Well those numbers were the point at which I felt the text was already obscure enough. Or put another way, I felt that a sentence is for ‘expert eyes only’ if it contains an average of 2.8 acronyms per sentence (when looking at the total count of acronyms – not just unique acronyms) AND has 1.7 unique acronyms per sentence AND features one sentence that has 4 unique acronyms within it. This therefore is maximum arcanicity. I’ve capped the peak unique acronyms at 4 because again I felt that if a single sentence contained 4 unique acronyms, it was already expecting a degree of expertise from the reader in order for them to be able to understand it. Would a 5th acronym make it any less impenetrable to someone without domain knowledge? Probably not.
Creating the Acanicity Index Equation
Now I needed to put this into an equation that would get me a score of 100 if the text contained 2.8 non-unique acronyms per sentence, 1.7 unique acronyms per sentence and a peak of 4 unique acronyms in one sentence. So given that we want a maximum score to be 100, working back from there gives us something like.
100 = (1) x (2) x (3) x MAGIC NUMBER
100 = 3.8 x 2.7 x 4 x 2.4366
Note that I’ve added 1.0 to each of the density figures to ensure that they are always 1.0 or above. Otherwise density figures of less than 1 acronym per sentence would serve to lower the index and would create an artificial pivot point in the scoring around a density of 1.0. The 2.4366 is the magic number that when used with the the maximum vales of 1,2 and 3, creates a maximum score of 100. Or mathematically…
MAGIC NUMBER = 100 / (3.8 x 2.7 x 4)
And so this becomes…
Arcanicity = 2.4366 x NAS x UAS x PAS
As I mentioned above it’s possible to score greater than 100 but I’d contend that the sentence isn’t excluding any further readers at that point, as it is already arcane enough.

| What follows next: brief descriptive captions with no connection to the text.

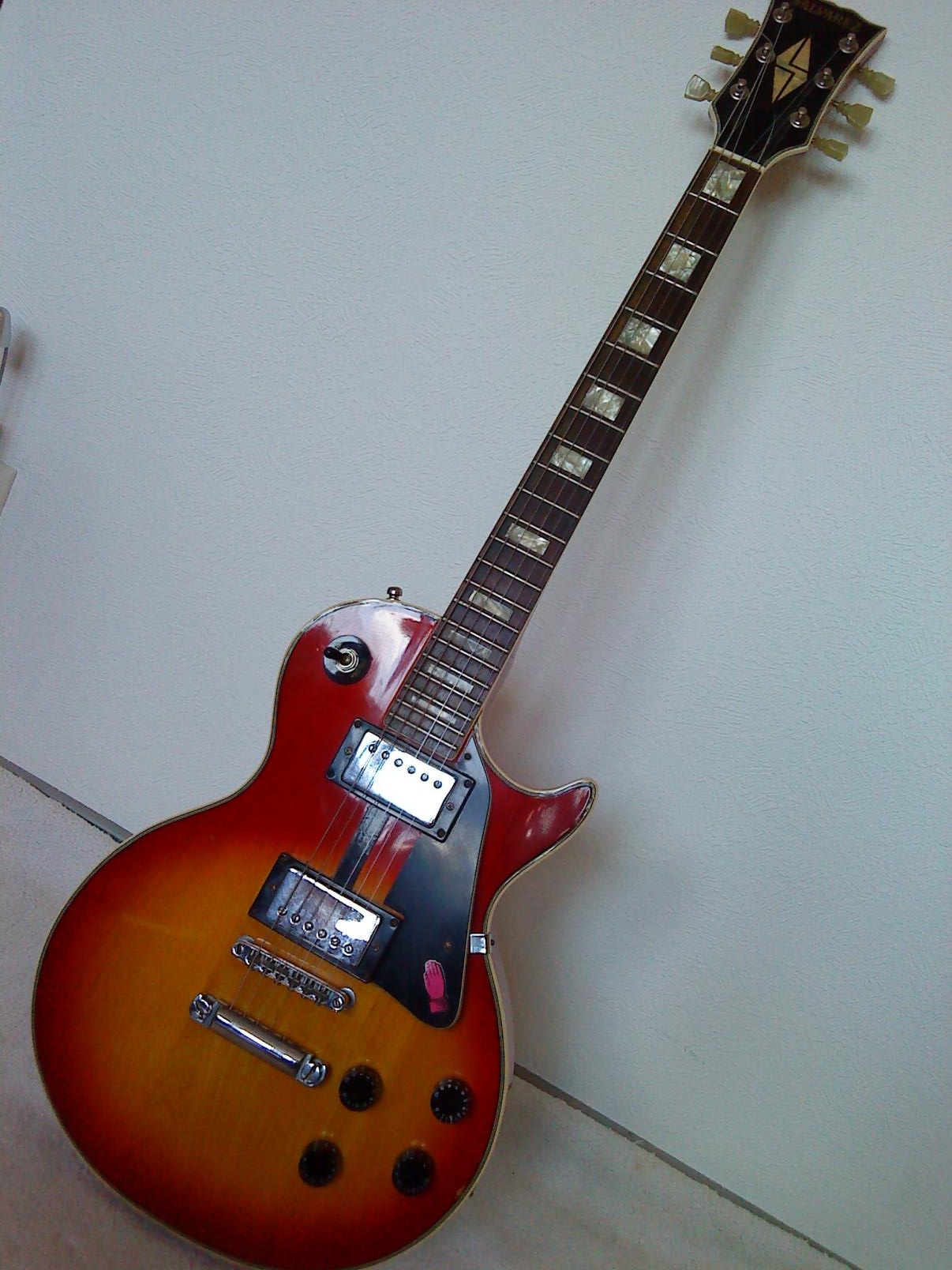 Savarez Les Paul

Nach 25 Jahren Besitz verkauft.
Paulas sind nicht mein Ding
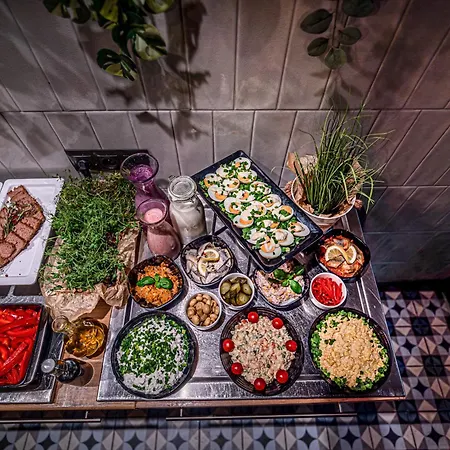 Ibis Centrum Hotel 2*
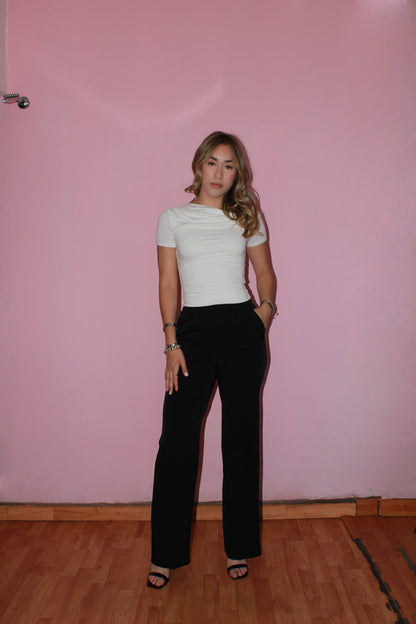 Top blanco one shoulder con manga #11349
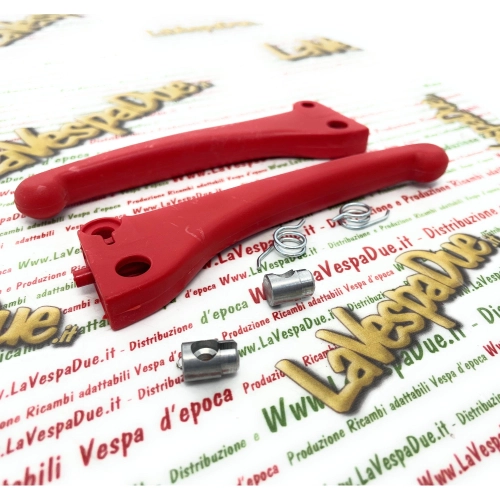 Kit de leviers en plastique rouge pour cyclomoteurs PIAGGIO 50 CIAO SI BRAVO, comprenant les clips et ressorts des leviers de frein avant et arrière.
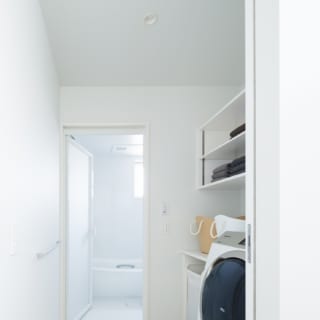 2階脱衣室、浴室。この手前が洗面室。各スペースを仕切る引き戸があるので家族の入浴中も洗面を使えて便利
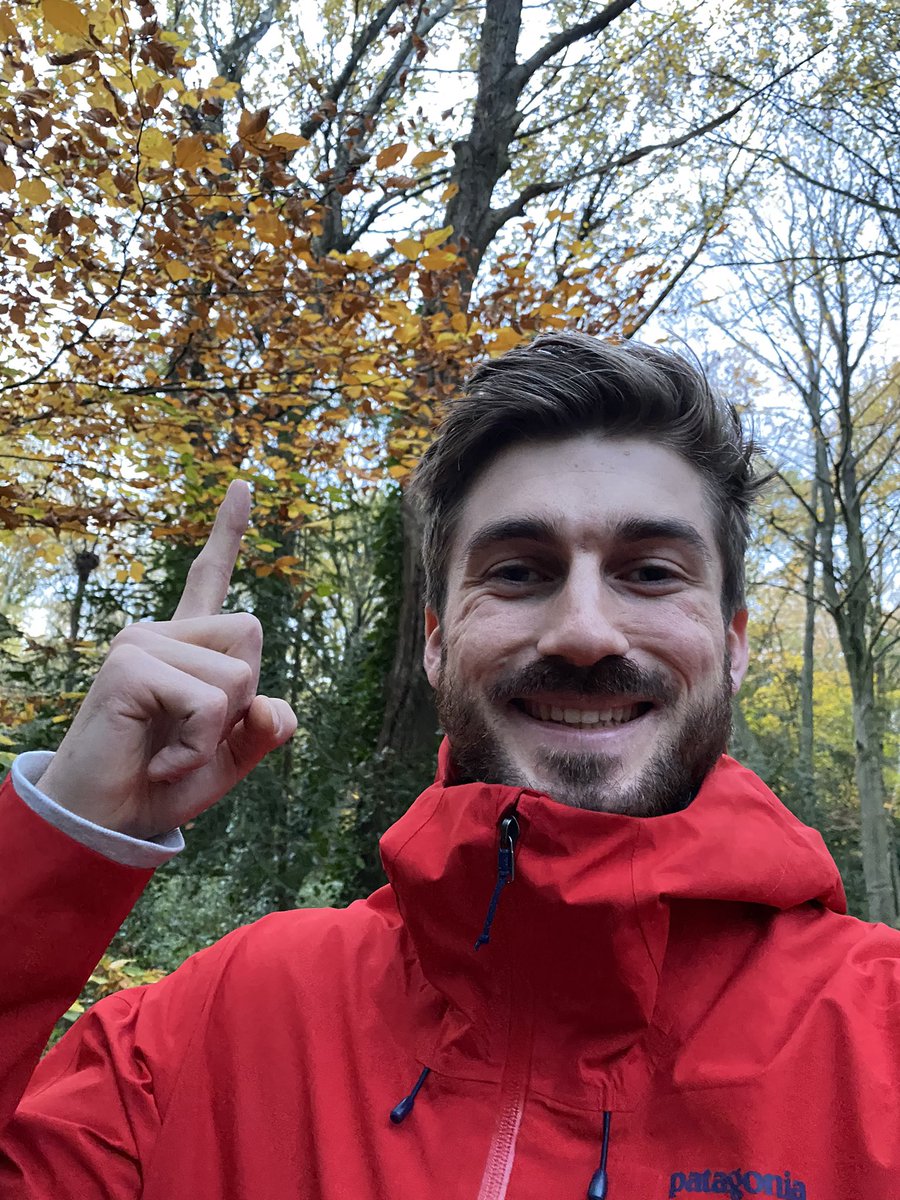 It’s tree hibernation time! Like many of you, my favourite thing about autumn is the colour change that we see in our woodlands But do you know why leaves go yellow and orange? Or why deciduous trees lose their leaves in autumn?(1/10)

So how does ACME’s marketing copy above score?
Well the Goodall Arcanicity Index is 69.04, or…
(1 + 1.833) x (1 + 1.50) x 2.4366 x 4 = 69.04
Whether that is good or bad depends on who the text was aimed at. Without even seeing the text, a score of 69.04 tells me that the text relies on significant domain knowledge in order for the reader to understand it and I would hope that the vendor that wrote the text was aiming at the the IT Technical stratum.
Is that it?
No. The magic number and other ratios I’ve landed upon here in the first draft will need to be tested against more marketing copy to ensure that they reflect my own perceived level of obscurity. It will need to be fed very long passages and very short passages to see what min and max bounding I would need to put on the number of sentences in the input text. Currently I can see no value in processing less than 3 sentences – and 5 would probably be a more optimum minimum.
I expect that very long passages that are highly arcane is some sections but less so in others will produce an artificially low result. So I may need to adjust the equation to counter that in future drafts. I would also probably need a more rigorous, scientific approach to testing rather than my “finger in the air – yep it looks good to me” approach. Especially if this Arcanicity Index is to be used in the wild. But for now it’s a start and I’m quite pleased with the way it looks.

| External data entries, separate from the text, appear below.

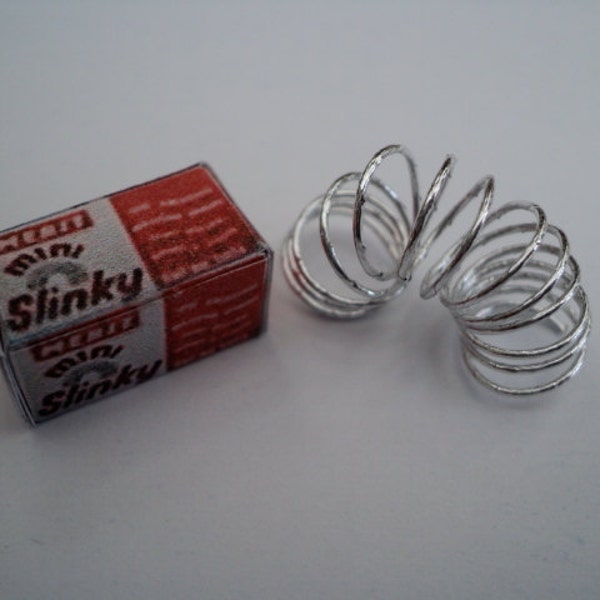 Puppen Haus Miniaturen - Slinky Spielzeug und Box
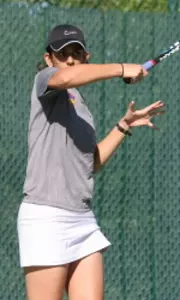 Drake Defeats UNI in MVC Opener, 6-1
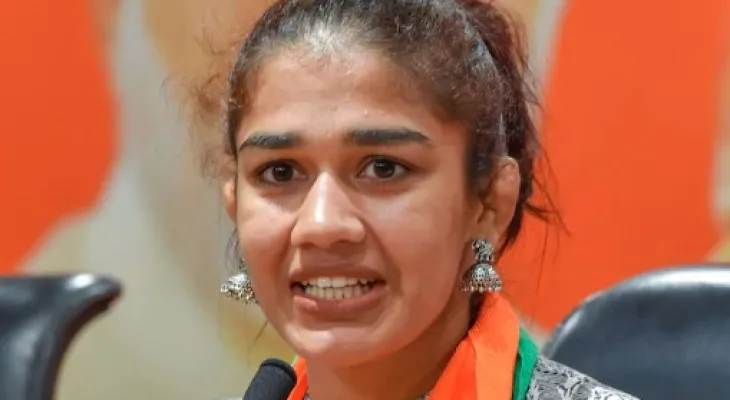 Babita Phogat: दीदी कुछ नहीं मिला, ऐसे में तुम्हारा दर्द समझा जा सकता है, बबीता फोगाट का साक्षी मलिक पर तंज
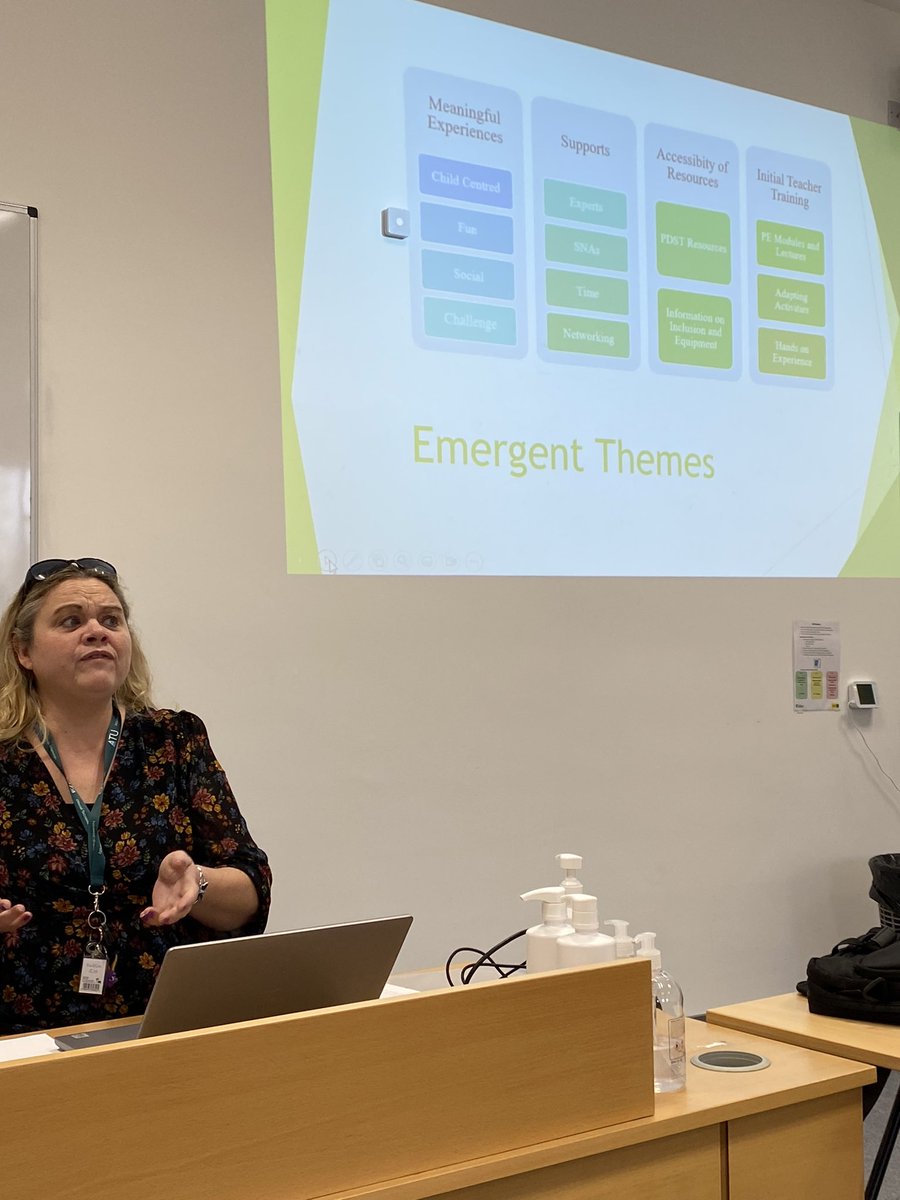 ITS_SportBus's tweet photo. @VickyMatthew8&amp; @sara_rally spoke to final yr students n research meths class about their use of Thematic Analysis n Capstone Research project.Their honest presentation regarding their experiences&amp;challenges in research&amp;their journey as a graduate was very beneficial4our students https://t.co/YBOACYTO5d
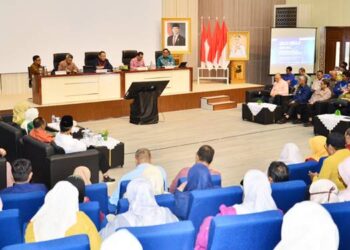 Diskusi Kinerja bersama ASN di lingkungan Disparparekrafpora, dan Diskumperindag Provinsi Gorontalo, di aula BKPSDM, Kamis (23/4). (Foto : Mila/dok-pemprov)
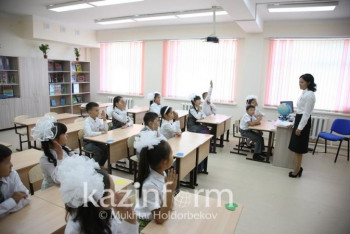 Фотография к новости: Заболеваемость КВИ среди школьников растет – Минздрав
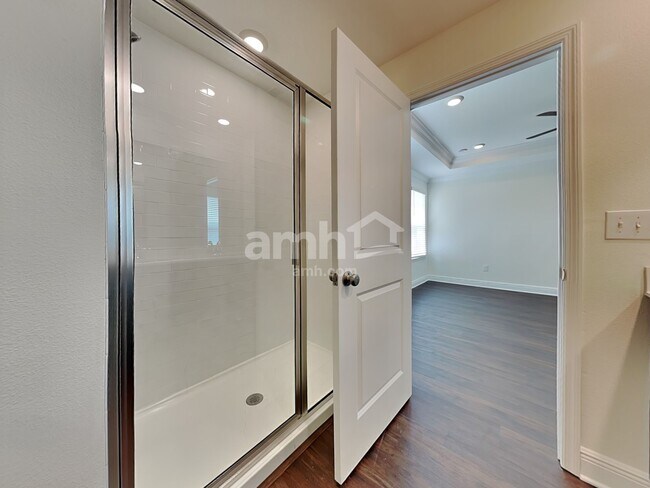 Building Photo - 27446 St Andrews Avenue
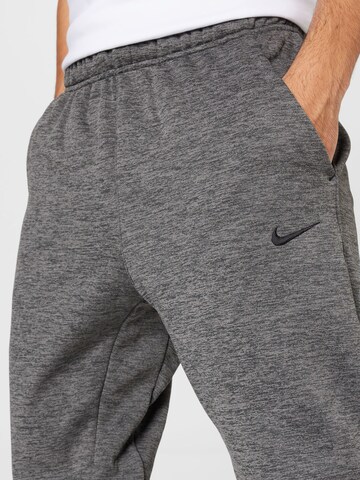 NIKE Tapered Sportbroek in Grijs
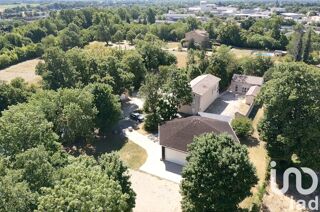  Immeuble � vendre 454 m�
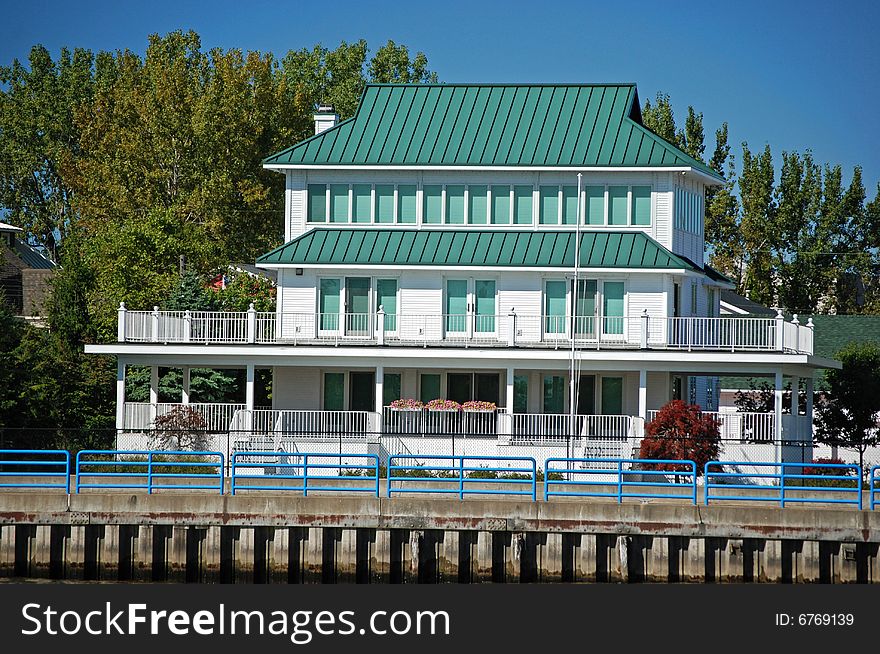 Elegant waterfront cottage on the channel.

Over the next couple of weeks I’ll post some Arcanicity Index calculations for the ESB vendors that I’m using to tune project REPAMATron. And if you think my example text above for the fictional ACME corp was artificially complex, well I’ll show you some real-world examples that make that look like a Janet and John book.
Lastly, Why Arcanicity?
Well a number of reasons really.
- I like the word – it’s got a nice rhythm to it
- Google only returned 111 hits for it which means it isn’t a real word and it definitely won’t have been used before. I suspect the real term for the degree to which something is arcane or not is acranality, ancanity or probably arcaneness – but I’m not sure.
- I like the humour used in the names of other readability indexes such as Gunning-FOG and SMOG to illustrate that something was clouding the view of the meaning of the words. So I thought I’d inject a little, hopefully, obvious ironic humour myself. I mean, using a made up word with an obscure meaning and 5 syllables to represent an index that is designed to determine how arcane a piece of text is – well it just feels ‘right’.